■ **ASSIGNMENT**
Reproduce only this stretch of the listing below: from the line with "Mois du travail" through the line with "Booking.com yasağı resmen", exactly as written, with pictures excluded.

■ **MATERIALS PROVIDED**
· · · ·

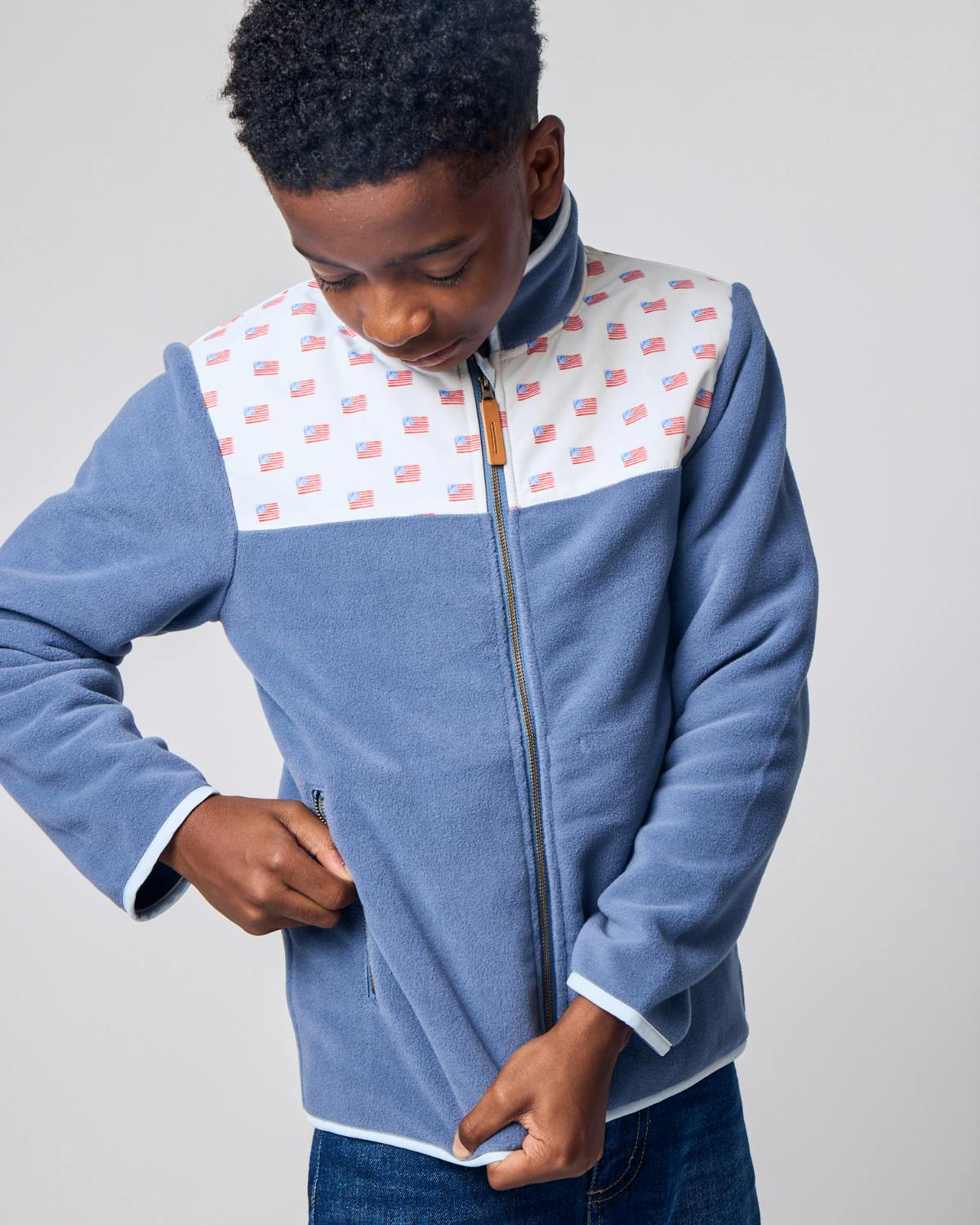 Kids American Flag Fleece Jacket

· · · ·

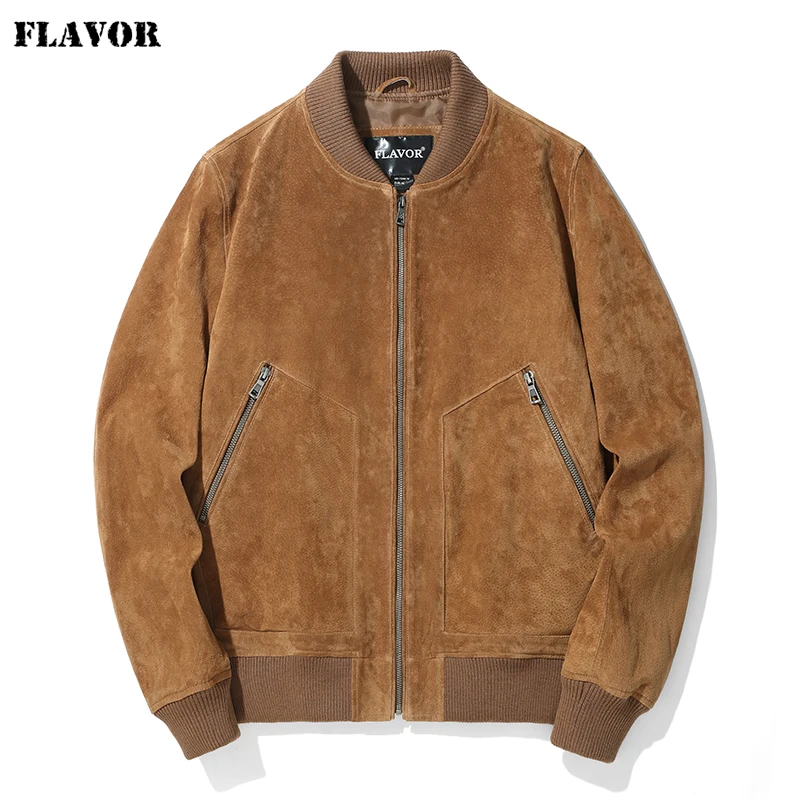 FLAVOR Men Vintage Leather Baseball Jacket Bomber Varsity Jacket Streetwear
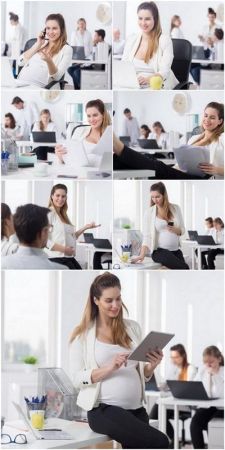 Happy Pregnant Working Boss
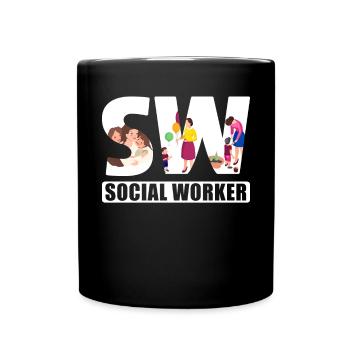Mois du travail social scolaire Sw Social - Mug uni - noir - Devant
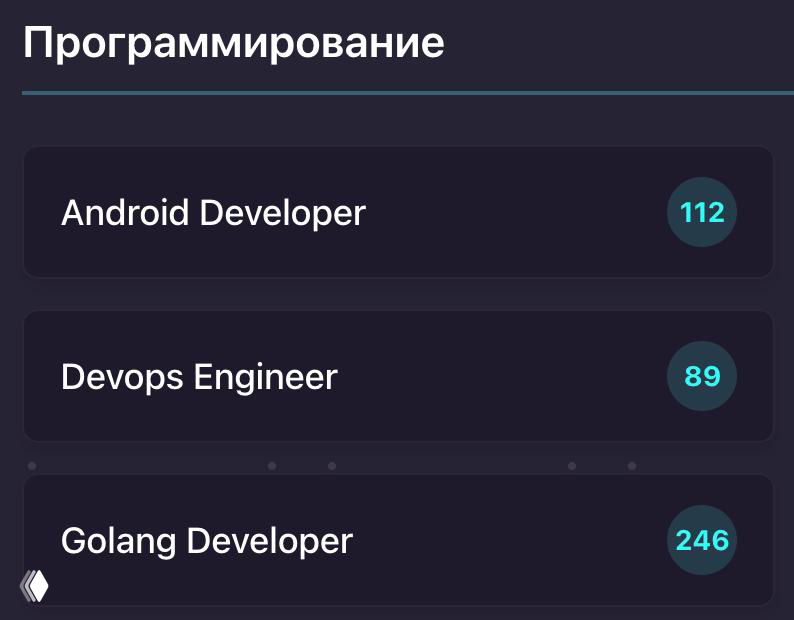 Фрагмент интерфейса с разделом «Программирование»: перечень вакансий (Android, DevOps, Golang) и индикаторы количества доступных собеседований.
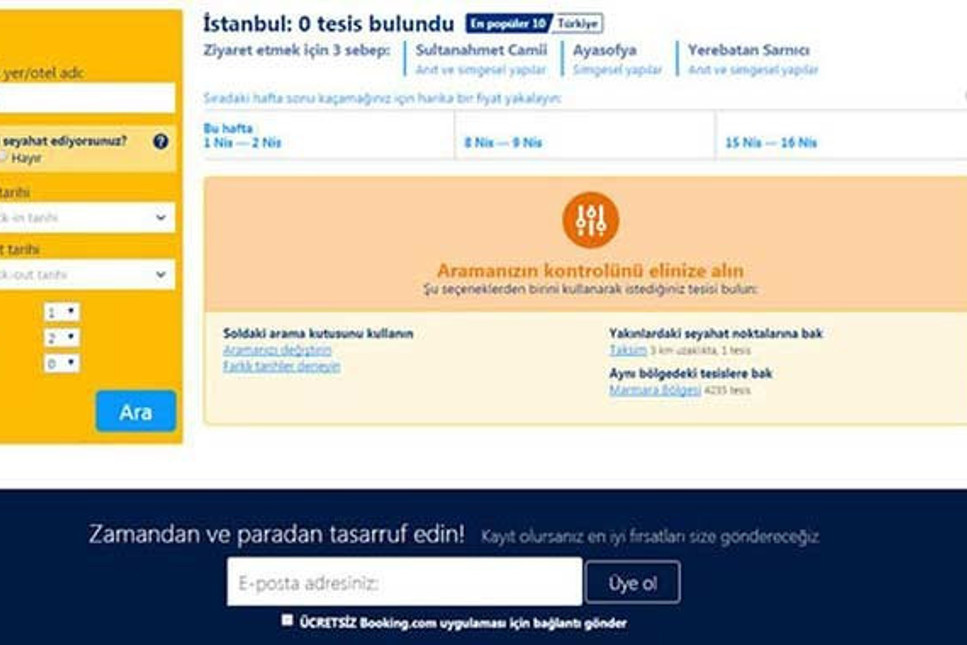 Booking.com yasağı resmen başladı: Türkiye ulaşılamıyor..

· · · ·

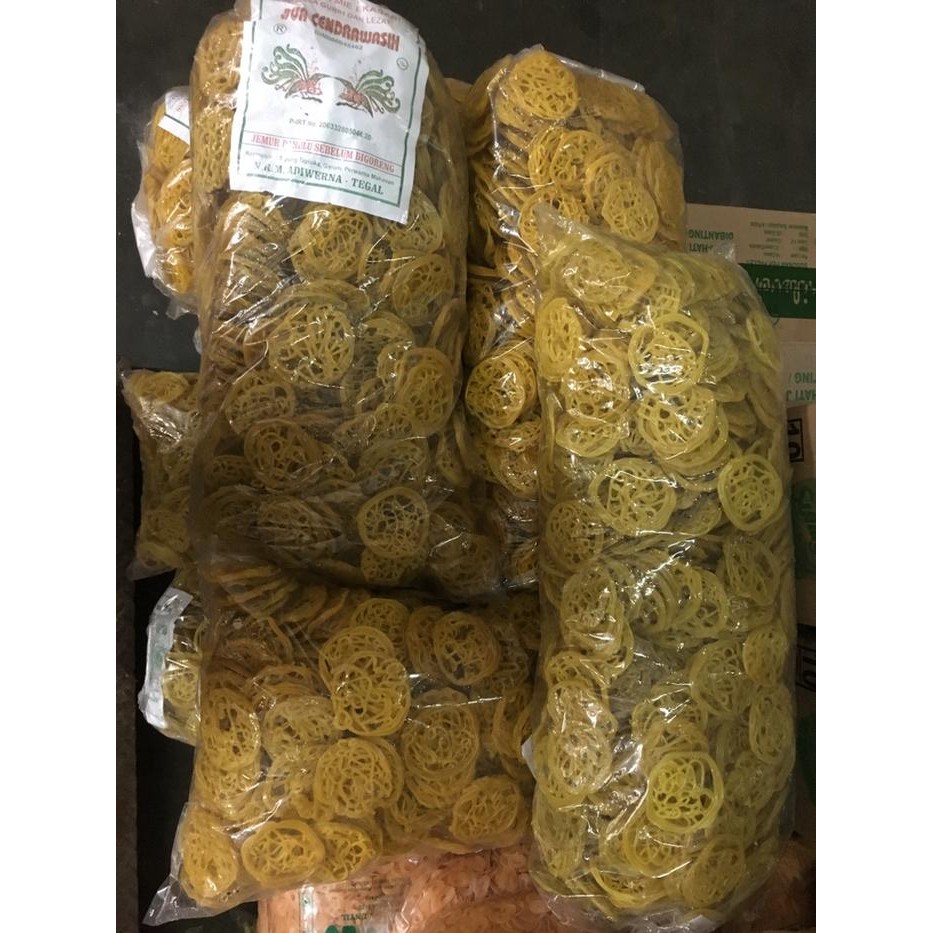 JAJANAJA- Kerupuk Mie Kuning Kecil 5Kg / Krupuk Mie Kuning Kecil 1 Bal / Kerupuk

· · · ·

■ **SOLUTION FOR THIS TASK**
Mois du travail social scolaire Sw Social - Mug uni - noir - Devant
 Фрагмент интерфейса с разделом «Программирование»: перечень вакансий (Android, DevOps, Golang) и индикаторы количества доступных собеседований.
 Booking.com yasağı resmen başladı: Türkiye ulaşılamıyor..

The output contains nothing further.